*What the task requires:*
What is needed is an exact repeat of the entries, with no pictures in it.

*Material provided:*
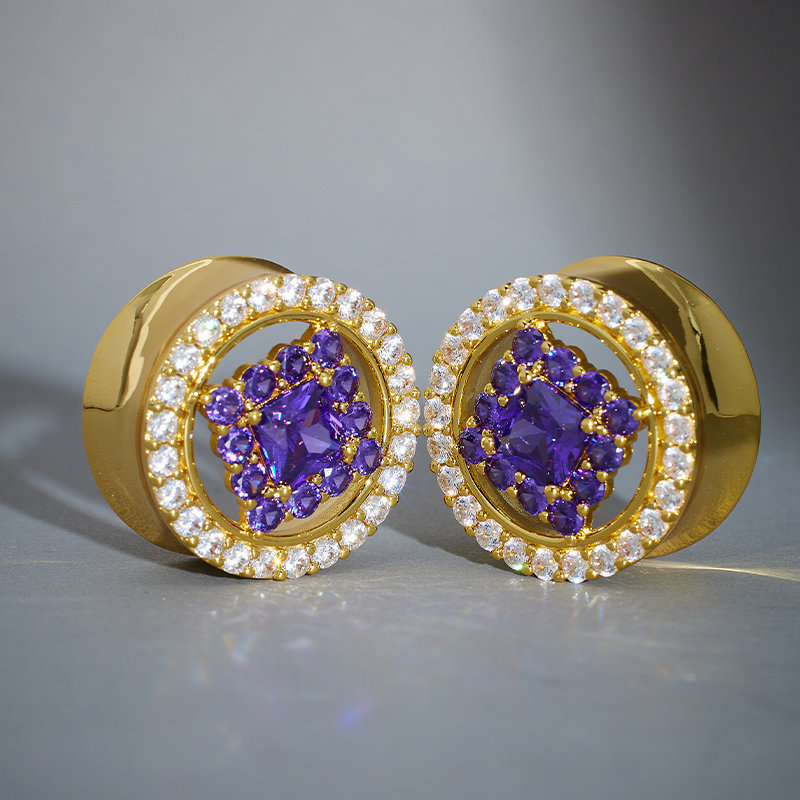 14K Moissanite Violet Crown Tunnel (2Pcs)
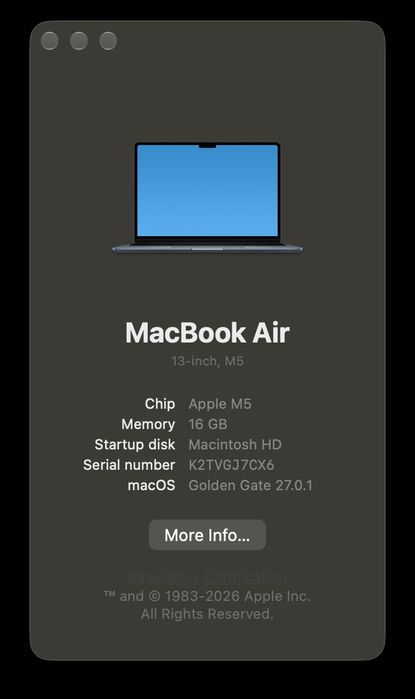 MacBook Air M5 16GB RAM/512GB SSD 13inch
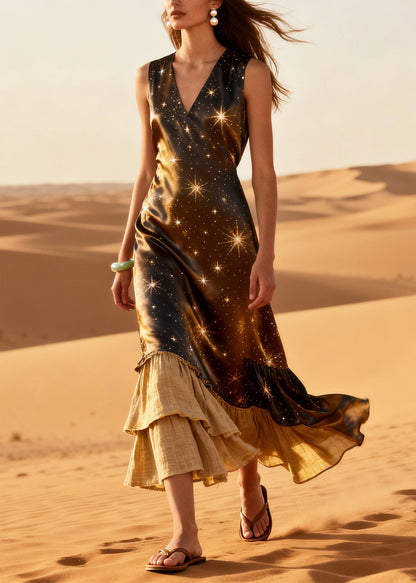 Elegant Brown Star Patchwork Linen Silk Maxi Dresses Summer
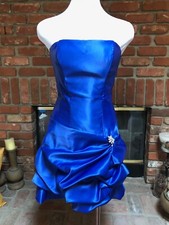 NWT Cache Shiny Blue Strapless Ruched Mini Bodycon Prom Cocktail Dress sz 8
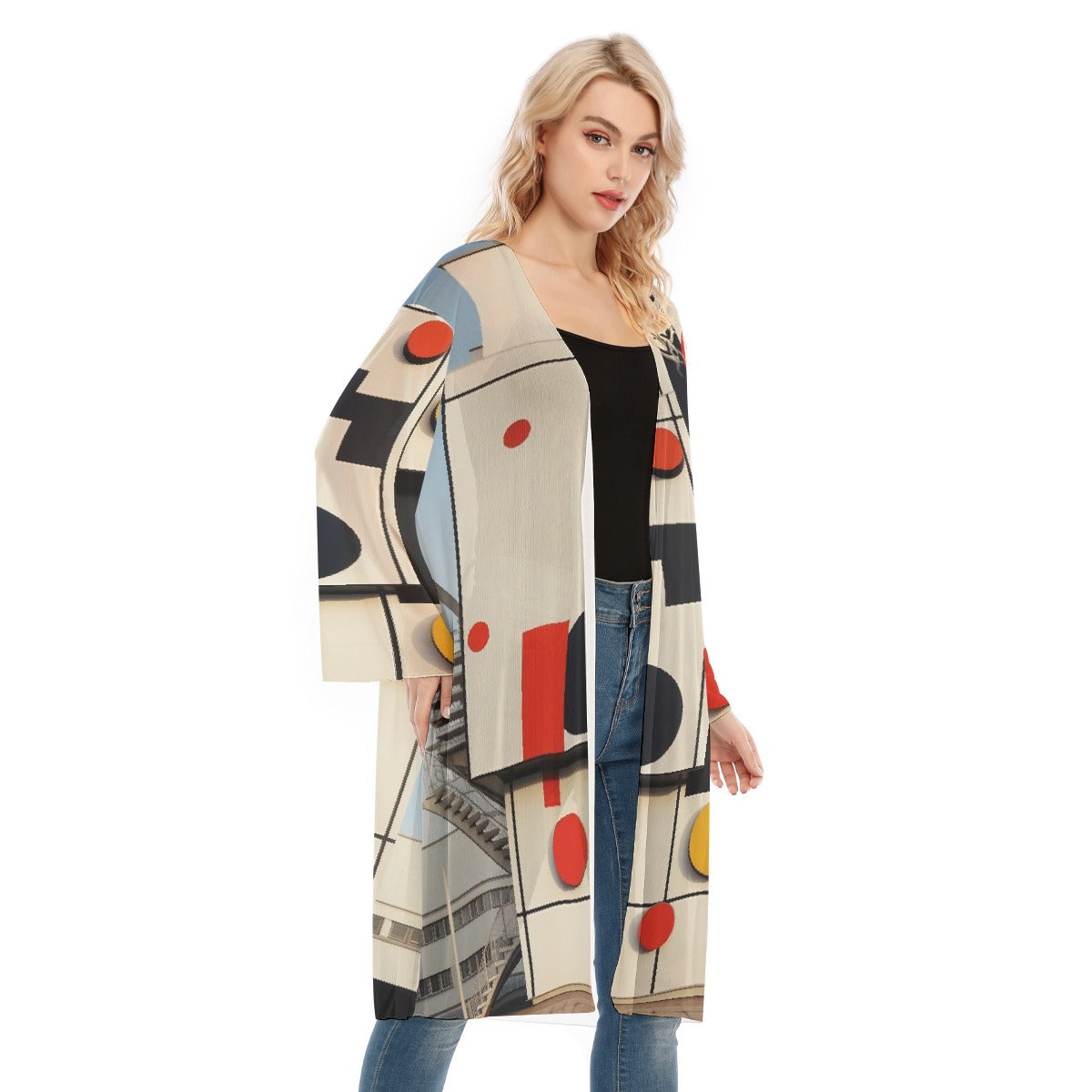 All- Over Print Women's Long Sleeve Mesh Cardigan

*Exercise result:*
 14K Moissanite Violet Crown Tunnel (2Pcs)
 MacBook Air M5 16GB RAM/512GB SSD 13inch
 Elegant Brown Star Patchwork Linen Silk Maxi Dresses Summer
 NWT Cache Shiny Blue Strapless Ruched Mini Bodycon Prom Cocktail Dress sz 8
 All- Over Print Women's Long Sleeve Mesh Cardigan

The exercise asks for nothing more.